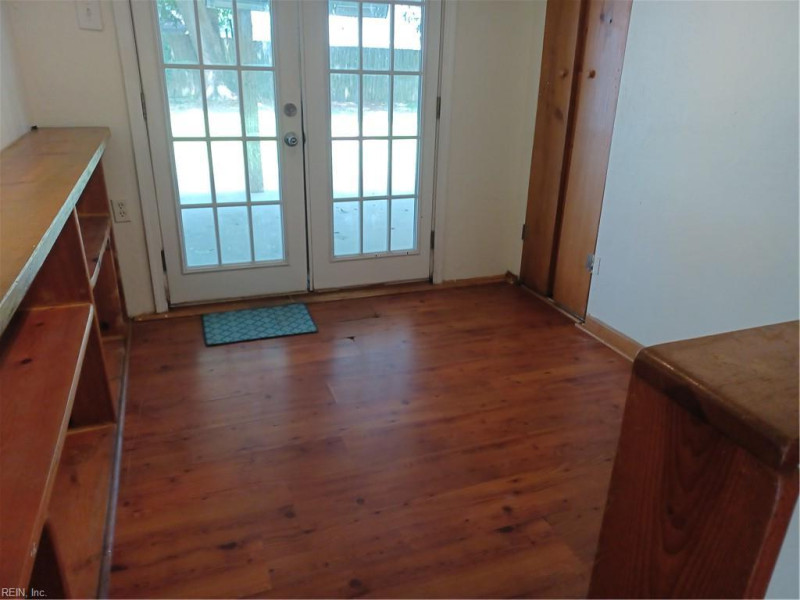 Photo 6 of 12 residential for sale in Chesapeake virginia Photo 6 of 12 residential for sale in Chesapeake virginia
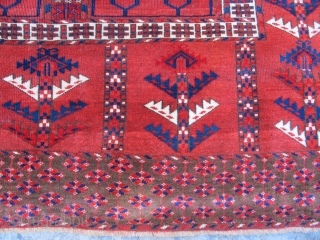 Antique Turkoman Yamud Engsi nice colors and very good condition size 1,66x1,26 cm (50 x 65 inches ) Circa 1900             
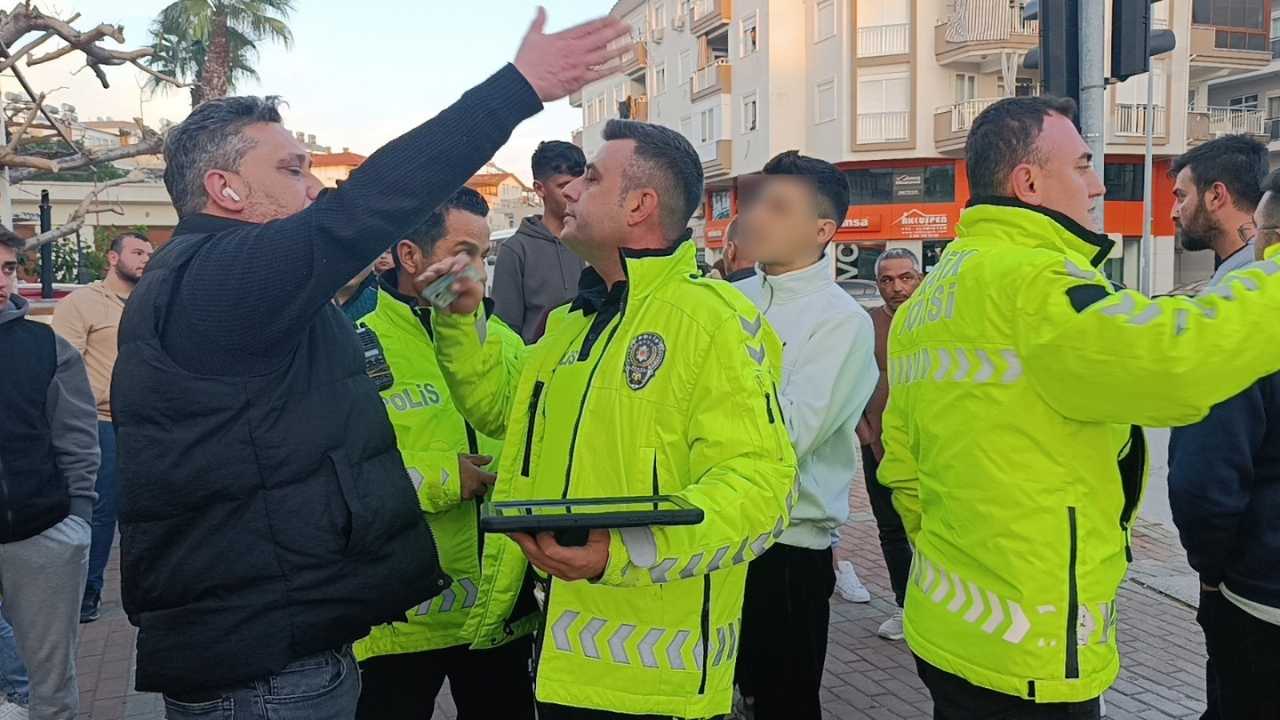 Manavgat'ta Polis Rolüne Girdi! Kaçmasın Diye Kimliğini Aldı 2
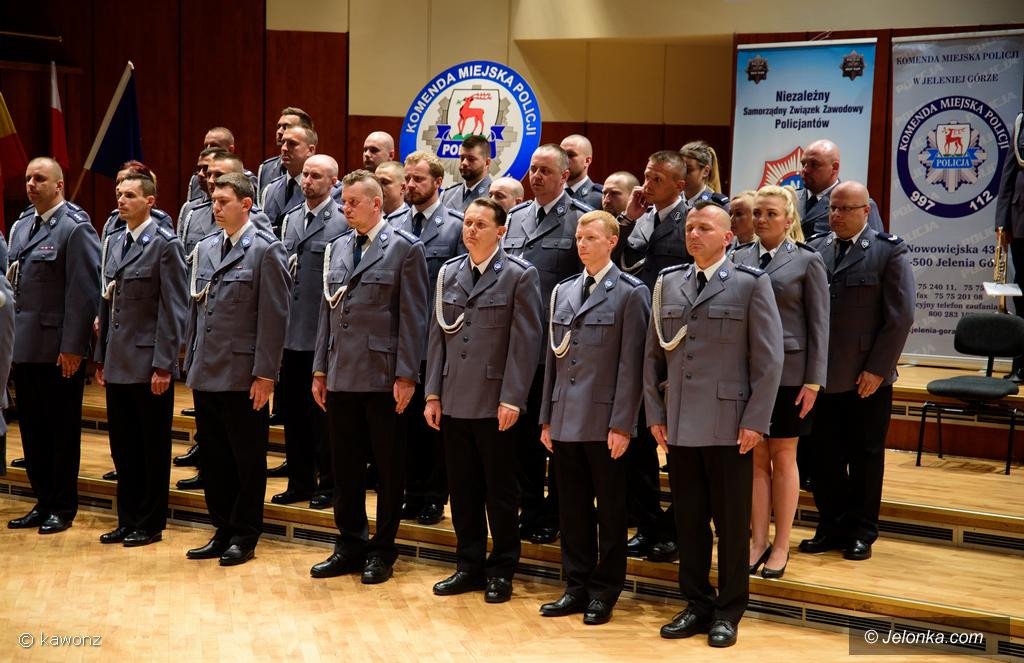 swietowali-policjanci-76442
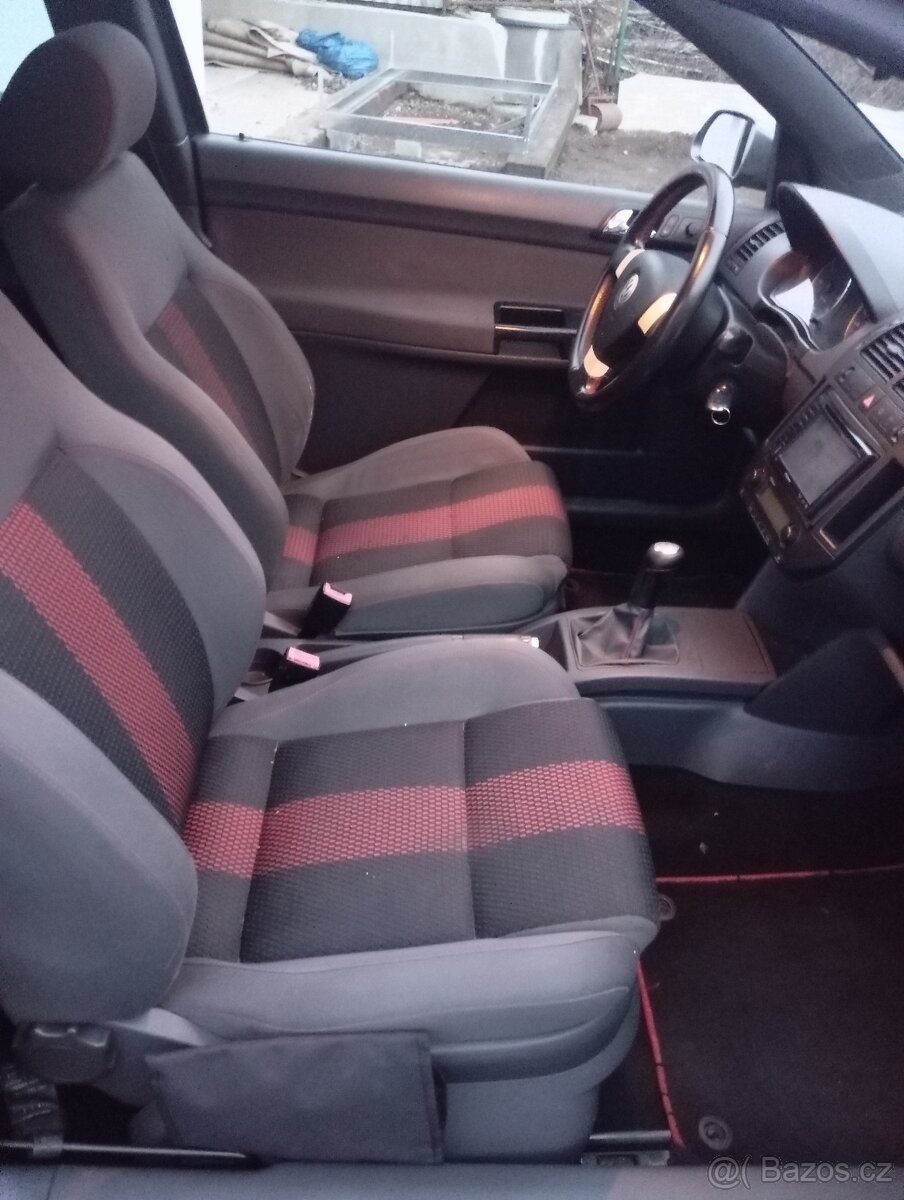 VW Polo 1,4 benzín 59kw, sportovní podvozek - 5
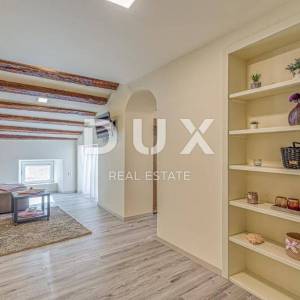 ISTRA,POREČ - Ekskluzivna prilika, apartman prvi red do mora!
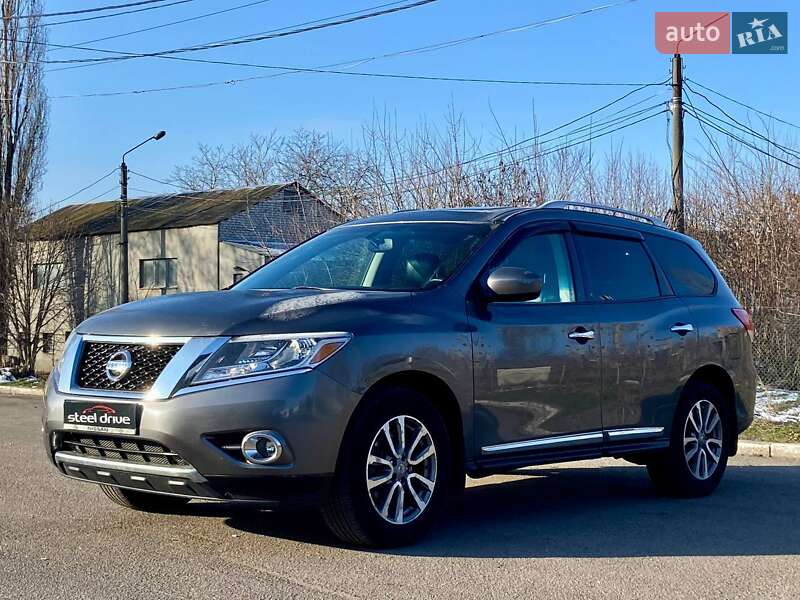 Nissan Pathfinder (2015)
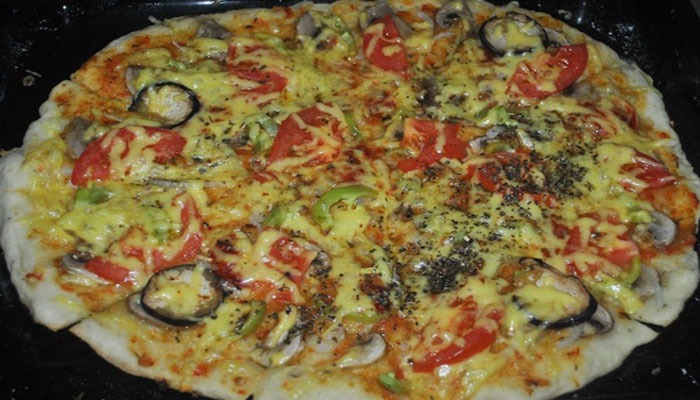 Очень вкусная итальянская пицца с грибами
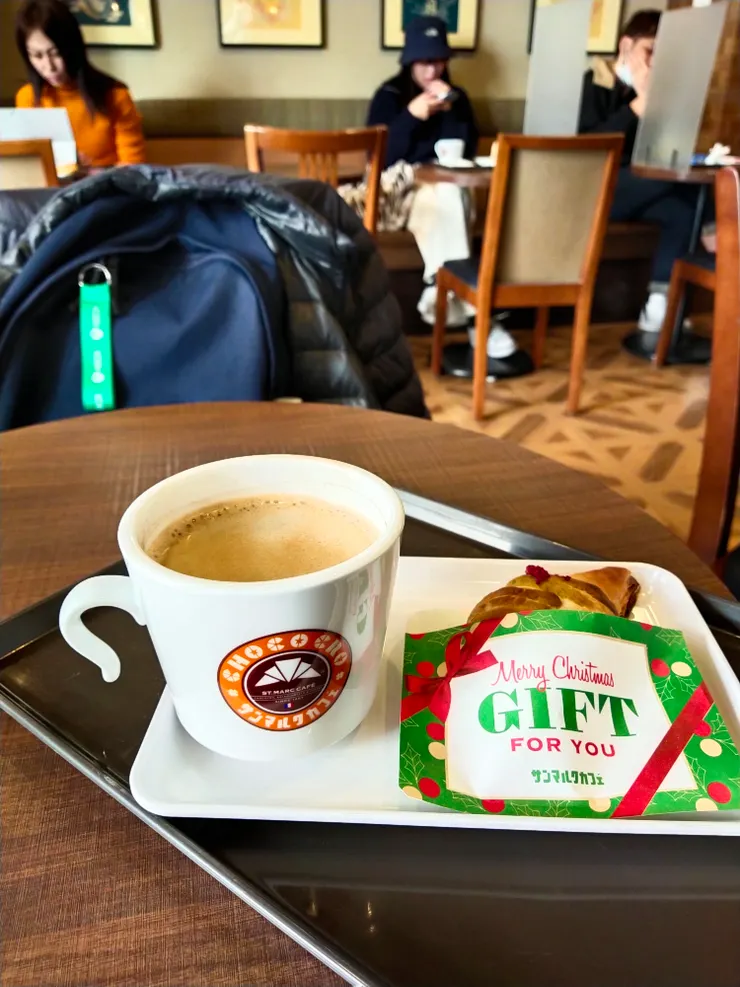 吃點東西再來杯咖啡，成了旅途中的每日公式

---------------

*Task to complete:* Your answer must be only the lines from the one that holds "Manavgat'ta Polis Rolüne" to the end of the listing, each restated word for word, with both ends kept and pictures left out.

*Reply:*
 Manavgat'ta Polis Rolüne Girdi! Kaçmasın Diye Kimliğini Aldı 2
 swietowali-policjanci-76442
 VW Polo 1,4 benzín 59kw, sportovní podvozek - 5
 ISTRA,POREČ - Ekskluzivna prilika, apartman prvi red do mora!
 Nissan Pathfinder (2015)
 Очень вкусная итальянская пицца с грибами
 吃點東西再來杯咖啡，成了旅途中的每日公式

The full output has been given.